For this assignment, no method is allowed to change the value of any variable, once that variable has been given a value.


Suggestions

  1. Create a directory to hold assignment 2. Copy your hailstone.java file from assignment 1 to the assignment 2 directory. Edit the comments at the top of the program to say that this is assignment 2.

    You should be able to keep the same contracts, next method and main method from assignment 1.


  2. Modify the other methods so that they use recursion instead of loops. Modify them one at at time, and test each one after modifying it. Do not try to modify them all then test them all together. The remaining items give some hints.


  3. Modify the method that prints the entire sequence. Include a special case for n = 1. When n > 1, the sequence that starts at n contains n followed by the sequence that starts at next(n).


  4. Suppose that you want to find the length of the hailstone sequence starting at 7. If you ask for the length of the hailstone sequence starting at 22 (result: 16), how would you determine the length of the sequence starting at 7?

    Handle the length of the sequence starting at 1 as a special case. Use an if-statement to decide whether this is the special case of 1 or not.


  5. Suppose that you want to know the largest number in the sequence starting at 7. Ask for the largest number in the sequence starting at 22. (The answer is 52). The largest number is clearly the larger of 7 and 52, since 7 is the only number that was not already taken into account. As another example, suppose that you want to know the largest number in the sequence starting at 52. Ask for the largest number in the sequence starting at 26. The answer is 40. What you want is the larger of 52 and 40, clearly 52.

    Important Note. In terms of efficiency, recursion acts as an amplifier. Algorithm designers use it because, if they think of a clever idea and they use it in a recursive definition, recursion amplifies it into a very efficient algorithm. But recursion also amplifies bad ideas. If you do something in a slopply way in a recursive method, recursion can amplify it and make a very slow algorithm. In particular, if you do the same recursive call twice, which is a waste of time, recursion will be very slow. Try your program on input 31. Does it respond quickly, or is it really slow?

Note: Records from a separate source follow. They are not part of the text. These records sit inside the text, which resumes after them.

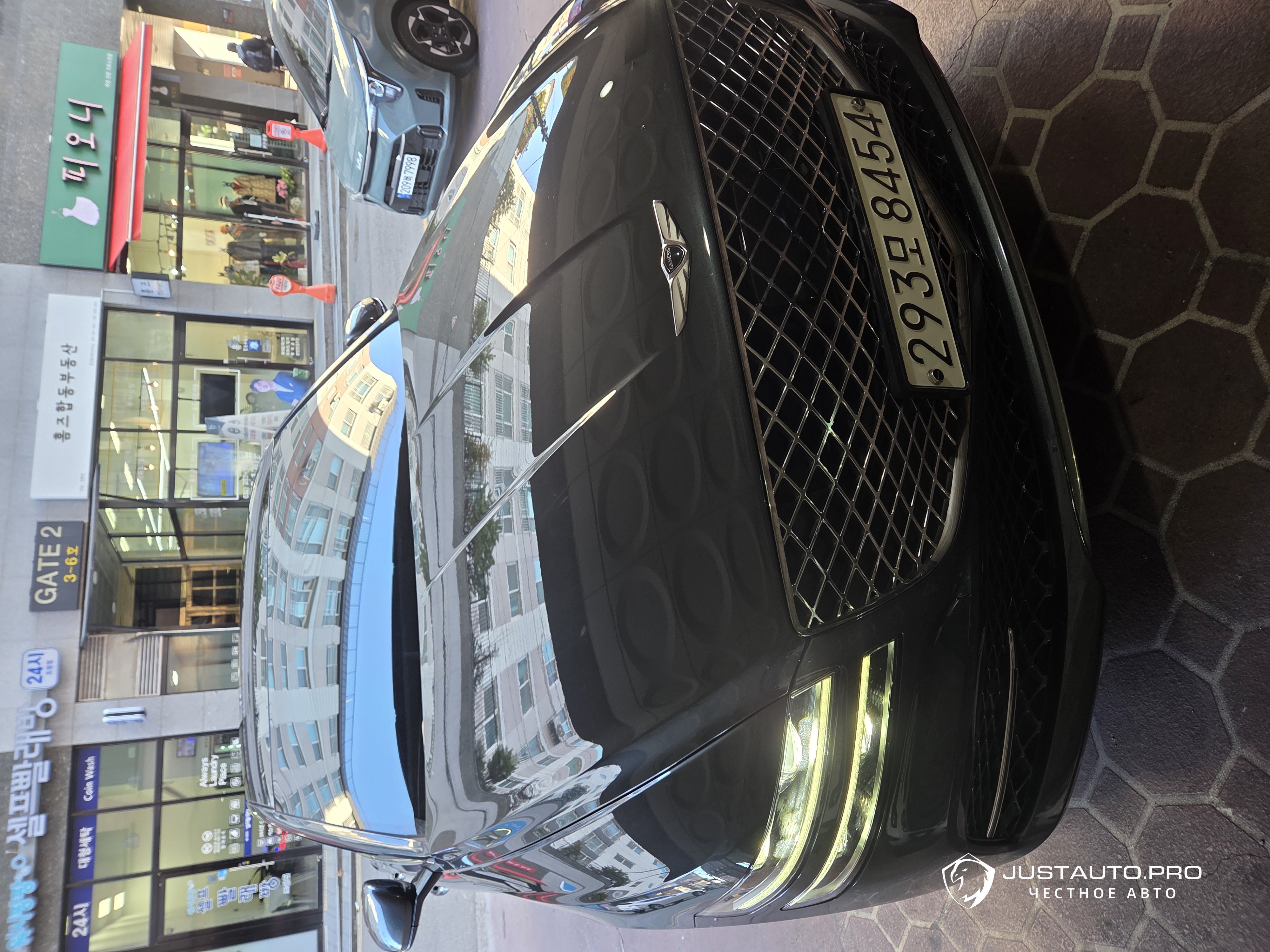 Автомобиль Genesis G80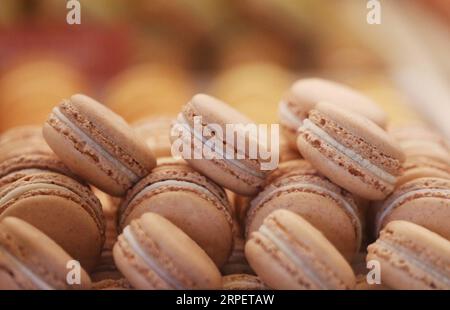 (190904) -- PARIS, 4. September 2019 -- Foto aufgenommen am 30. August 2019 zeigt Macarons in einem Macaronladen Pierre Herme in Paris, Frankreich. Macaron ist eine süße Süßigkeit auf Meringue-Basis, die aus Eiweiß, Puderzucker, Mandelpulver und Lebensmittelkleidung hergestellt wird. Früher war es ein aristokratisches Essen und ein Symbol für Luxus in der Geschichte. Macaron ist ein Symbol für französische Desserts und ist heutzutage bei Menschen auf der ganzen Welt beliebt. ) FRANCE-PARIS-MACARON GaoxJing PUBLICATIONxNOTxINxCHN Stockfoto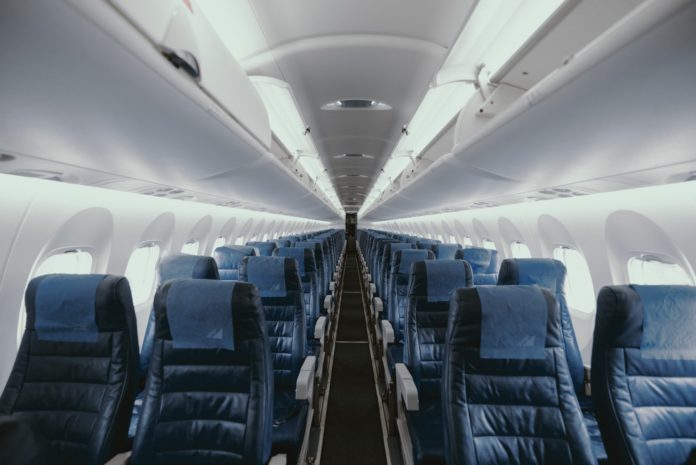turistas internacionales avión vacío crisis del coronavirus recesión turística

Try it on a large number.


  6. To compute the starting value of the longest sequence starting at a number from 1 to n, you will find yourself recomputing length(k) for the same value k repeatedly. Don't worry about that. Later on we will see how that could be avoided.


  7. Read the Nonfunctional requirements of assignment 1. Also remember not to change the value of any variable, once it has a value.


Submitting your work

You must submit your program using the following method. Email submissions will not be accepted. An excuse that you do not know how to use Linux will not be accepted.

To turn in your work, log into the Linux system, change your directory for the one for assignment 2, and use the following command.

  ~abrahamsonk/3200/bin/submit 2 hailstone.java
After submitting, you should receive confirmation that the submission was successful. If you do not receive confirmation, assume that the submission did not work.

Command

  ~abrahamsonk/3200/bin/submit 2
will show you what you have submitted for assignment 2.

You can do repeated submissions. New submissions will replace old ones.

Late submissions

Late submissions will be accepted for one day after the due date. If you miss a late submission deadline by a microsecond, your work will not be accepted.